On Exiles and Defeats
María Eugiena Bravo Calderara
——Poem by Maria Eugenia Bravo Calderara in her book Prayer in the National Stadium, exhibited in the ‘Resistance, Rights and Refuge’ exhibition at LSE and donated by Maria Eugenia to the Documenting Chile Archive at the Living Refugee Archive, UEL —— TH & GM
No. It was not the bad time in Chena
nor the sudden grim prosecutions
in improvised war councils.
No. The rifle butt in my back
didn't defeat me,
nor investigation’s black hood of horror
not the grey hell of stadiums
with their roars of terror
No. Neither was it the irons bars at the window
cutting us off from life,
nor the watch kept on our house
nor the stealthy tread
nor the slide into the deep maw of hunger.
No. What defeated me was the street that was not mine,
the borrowed language learned in hastily set up courses.

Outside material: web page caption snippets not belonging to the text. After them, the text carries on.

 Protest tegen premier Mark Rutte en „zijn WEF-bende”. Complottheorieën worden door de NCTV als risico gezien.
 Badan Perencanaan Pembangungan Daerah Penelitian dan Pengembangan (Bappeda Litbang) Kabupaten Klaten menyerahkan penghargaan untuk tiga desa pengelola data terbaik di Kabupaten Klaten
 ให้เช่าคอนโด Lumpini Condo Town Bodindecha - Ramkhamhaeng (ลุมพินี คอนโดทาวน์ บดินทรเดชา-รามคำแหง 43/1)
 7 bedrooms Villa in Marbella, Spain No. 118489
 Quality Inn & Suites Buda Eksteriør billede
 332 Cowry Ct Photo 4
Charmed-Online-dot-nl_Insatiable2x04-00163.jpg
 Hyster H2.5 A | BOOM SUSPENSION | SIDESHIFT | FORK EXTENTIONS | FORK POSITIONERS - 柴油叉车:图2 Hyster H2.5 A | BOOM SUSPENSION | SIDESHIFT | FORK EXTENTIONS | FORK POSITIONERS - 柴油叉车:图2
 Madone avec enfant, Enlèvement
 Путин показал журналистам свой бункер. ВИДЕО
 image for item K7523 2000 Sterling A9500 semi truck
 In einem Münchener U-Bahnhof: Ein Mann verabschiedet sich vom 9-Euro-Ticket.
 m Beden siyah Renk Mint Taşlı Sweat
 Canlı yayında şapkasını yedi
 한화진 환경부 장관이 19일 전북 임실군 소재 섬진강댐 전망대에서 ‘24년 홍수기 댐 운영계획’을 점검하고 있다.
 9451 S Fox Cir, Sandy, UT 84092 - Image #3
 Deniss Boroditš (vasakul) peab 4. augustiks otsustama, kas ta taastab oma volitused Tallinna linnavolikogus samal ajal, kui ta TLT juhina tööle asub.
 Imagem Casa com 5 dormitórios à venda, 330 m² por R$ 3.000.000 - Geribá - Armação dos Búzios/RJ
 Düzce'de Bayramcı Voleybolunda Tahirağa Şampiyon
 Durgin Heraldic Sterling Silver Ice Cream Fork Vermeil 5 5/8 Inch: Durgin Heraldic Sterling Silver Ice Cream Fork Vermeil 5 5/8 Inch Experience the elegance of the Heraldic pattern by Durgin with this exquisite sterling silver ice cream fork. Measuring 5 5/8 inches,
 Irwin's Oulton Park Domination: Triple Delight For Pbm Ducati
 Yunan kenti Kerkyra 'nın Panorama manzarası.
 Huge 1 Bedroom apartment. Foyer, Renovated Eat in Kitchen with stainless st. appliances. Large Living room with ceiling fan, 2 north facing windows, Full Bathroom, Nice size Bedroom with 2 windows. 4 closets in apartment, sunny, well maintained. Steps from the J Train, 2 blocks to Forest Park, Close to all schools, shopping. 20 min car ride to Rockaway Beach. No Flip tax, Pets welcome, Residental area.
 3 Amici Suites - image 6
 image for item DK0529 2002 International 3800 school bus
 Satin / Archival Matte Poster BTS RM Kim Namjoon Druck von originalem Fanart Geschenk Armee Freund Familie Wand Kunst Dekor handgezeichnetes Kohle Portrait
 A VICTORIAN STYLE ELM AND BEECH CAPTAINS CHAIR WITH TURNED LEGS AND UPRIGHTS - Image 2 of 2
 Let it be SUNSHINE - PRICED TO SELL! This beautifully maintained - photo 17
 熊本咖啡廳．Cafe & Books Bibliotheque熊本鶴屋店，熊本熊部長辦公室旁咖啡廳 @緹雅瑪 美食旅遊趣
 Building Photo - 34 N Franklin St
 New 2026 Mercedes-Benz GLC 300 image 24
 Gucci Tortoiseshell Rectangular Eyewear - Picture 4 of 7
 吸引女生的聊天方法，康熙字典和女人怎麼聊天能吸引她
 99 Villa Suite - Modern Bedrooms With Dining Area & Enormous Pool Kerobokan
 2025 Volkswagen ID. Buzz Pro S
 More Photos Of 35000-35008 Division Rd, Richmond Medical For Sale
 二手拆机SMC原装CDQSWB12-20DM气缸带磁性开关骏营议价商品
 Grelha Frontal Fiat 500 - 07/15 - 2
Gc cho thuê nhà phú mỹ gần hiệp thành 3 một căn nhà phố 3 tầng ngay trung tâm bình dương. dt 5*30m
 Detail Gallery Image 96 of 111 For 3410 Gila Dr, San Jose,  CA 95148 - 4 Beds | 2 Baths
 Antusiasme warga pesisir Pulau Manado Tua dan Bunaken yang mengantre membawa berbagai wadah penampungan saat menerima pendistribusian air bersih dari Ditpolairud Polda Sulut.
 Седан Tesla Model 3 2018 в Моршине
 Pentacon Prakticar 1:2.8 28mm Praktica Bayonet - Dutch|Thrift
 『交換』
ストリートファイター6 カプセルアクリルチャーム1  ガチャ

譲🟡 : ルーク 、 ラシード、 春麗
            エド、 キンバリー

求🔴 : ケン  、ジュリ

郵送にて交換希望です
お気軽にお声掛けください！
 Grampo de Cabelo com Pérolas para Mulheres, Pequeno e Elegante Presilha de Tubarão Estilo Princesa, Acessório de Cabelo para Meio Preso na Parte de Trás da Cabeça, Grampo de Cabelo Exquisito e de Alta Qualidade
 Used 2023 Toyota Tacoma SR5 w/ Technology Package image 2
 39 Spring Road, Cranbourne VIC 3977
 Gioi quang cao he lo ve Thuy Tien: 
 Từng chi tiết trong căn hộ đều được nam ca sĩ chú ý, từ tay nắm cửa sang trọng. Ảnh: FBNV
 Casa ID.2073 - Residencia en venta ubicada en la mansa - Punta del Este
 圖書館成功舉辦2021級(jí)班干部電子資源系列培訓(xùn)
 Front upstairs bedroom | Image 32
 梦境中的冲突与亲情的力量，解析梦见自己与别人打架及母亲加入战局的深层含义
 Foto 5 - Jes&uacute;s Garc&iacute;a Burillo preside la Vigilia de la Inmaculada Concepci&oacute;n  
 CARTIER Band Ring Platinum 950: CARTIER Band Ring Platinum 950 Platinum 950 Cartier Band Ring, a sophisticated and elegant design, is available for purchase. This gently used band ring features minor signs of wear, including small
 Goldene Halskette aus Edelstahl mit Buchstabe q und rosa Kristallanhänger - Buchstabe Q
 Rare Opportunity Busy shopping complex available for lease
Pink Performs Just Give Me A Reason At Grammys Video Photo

What defeated me was the lonely uncertain figure
in longitudes that did not belong to us.
It was Greenwich
Longitude zero
close to nothing.
What defeated me was the alien rain,
forgetting words
the groping memory,
friends far away
and the atrocious ocean between us,
wetting the letters I waited for
which did not come.
What defeated me was yearning day after day
at Jerningham Road
agonising under the fog
at Elephant and Castle
sobbing on London Bridge
And I was defeated step by step
by the harsh calendar;
and between Lunes-Monday and Martes-Tuesday
I had shrivelled into a stranger.
What defeated me was the absence of your tenderness, my country.
Maria Eugenia Bravo Caldera was a university teacher in Chile at the time of the coup. She was taken to the National Stadium, tortured and imprisoned and finally escaped to England, where she received a WUS post-graduate scholarship to study. She wrote a PhD on Pablo Neruda and subsequently worked for the British Refugee Council. She is a published poet and is currently finishing her Memoirs.